LAST Sunday was a beautiful afternoon up on Barningham Moor. All Teesdale was spread out before us and the sun shone down on us from a brilliant blue sky streaked only by contrails.
There were only a couple of tractors chugging along the quiet lanes of Teesdale, but in the sky there was a superhighway. Plenty of planes ploughed through the atmosphere, the water vapour in the exhaust cooling quickly and condensing momentarily into water droplets which, just 50 metres from the plane, freeze into a trail of ice crystals.
These condensation trails, white and fluffy, look rather pretty from green and grassy Teesdale. Contrails have always intrigued me. Looking up, imagining all those happy people going on holidays, just a thin piece of metal between them and a seven mile drop. Imagining where they were going to - how can so many planes head north over Barnard Castle? How big is Iceland's tourist industry?
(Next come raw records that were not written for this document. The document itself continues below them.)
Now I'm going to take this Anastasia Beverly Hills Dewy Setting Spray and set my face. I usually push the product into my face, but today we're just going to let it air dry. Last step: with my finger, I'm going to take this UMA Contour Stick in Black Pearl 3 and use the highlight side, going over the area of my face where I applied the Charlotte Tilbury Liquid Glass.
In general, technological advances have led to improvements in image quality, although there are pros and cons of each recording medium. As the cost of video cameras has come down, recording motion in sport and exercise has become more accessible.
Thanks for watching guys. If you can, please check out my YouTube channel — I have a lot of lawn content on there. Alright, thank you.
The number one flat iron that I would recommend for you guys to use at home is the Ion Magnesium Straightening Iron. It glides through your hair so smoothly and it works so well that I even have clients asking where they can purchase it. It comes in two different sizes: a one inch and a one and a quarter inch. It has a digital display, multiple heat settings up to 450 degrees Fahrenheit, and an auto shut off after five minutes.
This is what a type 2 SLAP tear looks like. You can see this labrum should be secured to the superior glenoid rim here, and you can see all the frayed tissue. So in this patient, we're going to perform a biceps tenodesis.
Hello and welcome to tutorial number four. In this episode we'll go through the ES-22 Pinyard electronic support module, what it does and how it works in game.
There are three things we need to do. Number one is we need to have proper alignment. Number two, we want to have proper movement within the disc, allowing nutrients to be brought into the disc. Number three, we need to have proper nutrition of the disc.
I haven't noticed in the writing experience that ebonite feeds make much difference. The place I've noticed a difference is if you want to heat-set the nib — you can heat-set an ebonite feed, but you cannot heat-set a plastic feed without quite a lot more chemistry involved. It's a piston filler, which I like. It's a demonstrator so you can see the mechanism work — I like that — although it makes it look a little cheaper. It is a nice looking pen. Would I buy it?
But intrigue no more. For the day before, we were among them. A contrail was marking our progress homeward from holiday. And now, as I stood beneath Teesdale's wide open skies, all I could think of was packaging.
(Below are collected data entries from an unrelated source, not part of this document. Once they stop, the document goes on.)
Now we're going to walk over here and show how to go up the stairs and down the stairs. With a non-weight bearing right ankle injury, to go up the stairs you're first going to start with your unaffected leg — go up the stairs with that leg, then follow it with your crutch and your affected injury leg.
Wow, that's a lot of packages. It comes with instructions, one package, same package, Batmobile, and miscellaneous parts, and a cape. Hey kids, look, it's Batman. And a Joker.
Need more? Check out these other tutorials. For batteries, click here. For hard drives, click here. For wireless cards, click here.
Firstly, suitcases. Our last suitcase fell to bits last year on the carousel home. So we bought a new one. "It'll last you a lifetime," said the shop assistant. It cost over £100, and came with all sorts of locks and devices "to keep your property secure and to guarantee piece of mind".
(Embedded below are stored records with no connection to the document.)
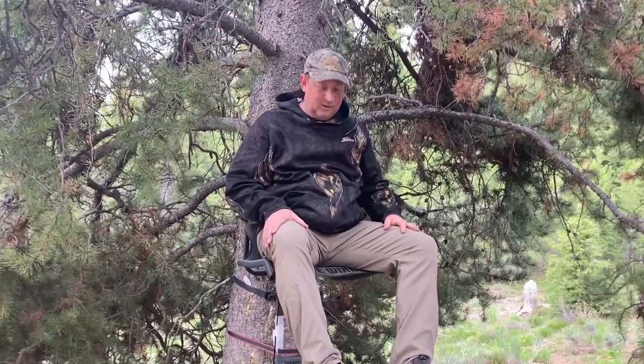Definitely need to clear some branches, but this isn't where we're hanging it. So anyway, thanks for watching.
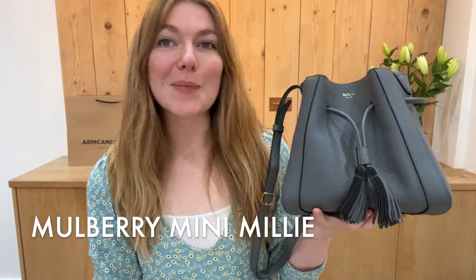Good morning everyone, welcome back to Arm Candy. I hope you're all okay and having a lovely week so far.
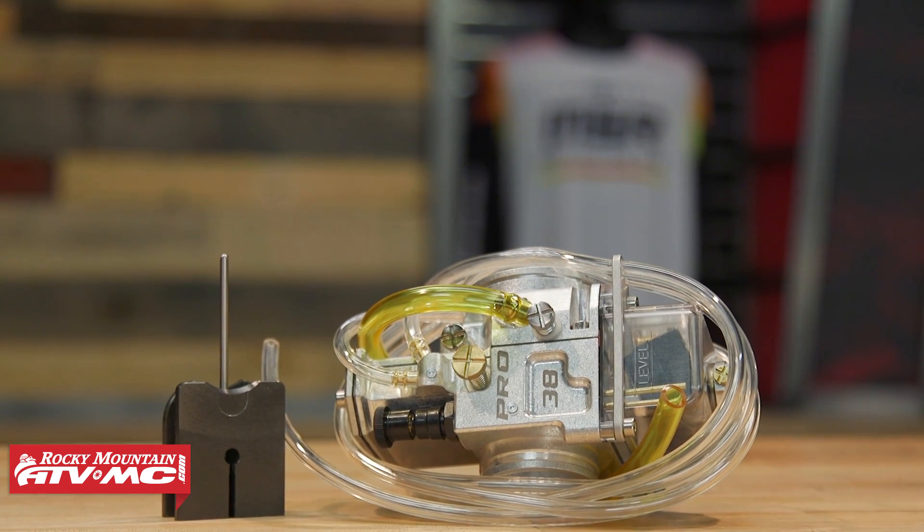Hey, what's going on everyone? This is Chase here at Rocky Mountain. Thank you so much for checking in. Today I'm excited to talk to you about the new Billitron Pro Series carburetor from Lectron.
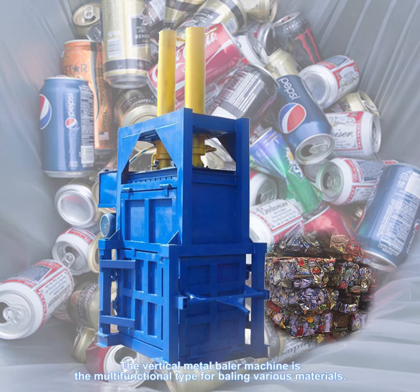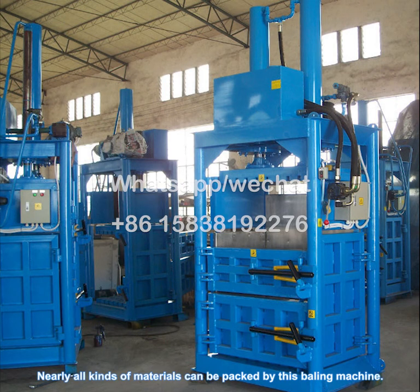The vertical metal baler machine is a multi-functional type for baling various materials. Nearly all kinds of materials can be packed by this baling machine.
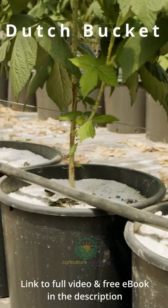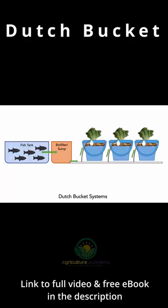Most commonly, one bucket will support a single plant. If you want to build your own Dutch bucket system, you will need a series of buckets. These must be filled with your inorganic substrate of choice, spaghetti pipes to supply water to the buckets, your fish tank and biofilter system, and a pump, again preferably with a backup battery system.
But as I was securing all the combo codes, I realised that nothing inside was worth more than the suitcase. In fact, all the pants, T-shirts, trunks combined were not worth as much as the suitcase itself. If I had really wanted to protect my valuables, I should have tied my shirts and smalls around the case so that no shifty baggage handler could see how costly it was.
Secondly, more seriously, airline food. Seven items individually packaged in throwaway plastic. The dessert came from Leeds; the crackers from Liverpool via London where they were vacuum packed with the cheese from France. We flew from Manchester.
Look out of the plane window. You see all these antlike lorries crawling around the motorways. What can they all be carrying? Individual bits of airline food, of course. In fact, a lorry is setting off now from the paper napkin factory to the plastic cutlery factory on to the salt factory via the pepper factory and then to the printing place so that all the bits can be wrapped at the plastic packaging plant in time for us to dine on next year's holiday flight.
The sturdy plastic knife and fork are each 16cms long. The dessert spoon is 12cms long. The teaspoon, should I take sugar, is 10cms long. Total: 54cms. That's more than half-a-metre of one-use-if-it's-lucky plastic per person.
Now, three billion meals are consumed on planes every year. We'll take 54cms as an average, even though ours was a low-cost airline and you're bound to get more plastic aboard, say, British Airways.
That makes 1.016 million miles of cutlery floating over our heads every year. The moon is only 238,855 miles away. All the airline cutlery laid end to end would reach it four-and-a-quarter times.
Then we'd be able to find out if the moon were made of cheese. If it were, it would be a damn sight tastier than that from France vacuum-packed in London with crackers from Liverpool spread with butter from Somerset and half-eaten on a flight out of Manchester over the Bay of Biscay.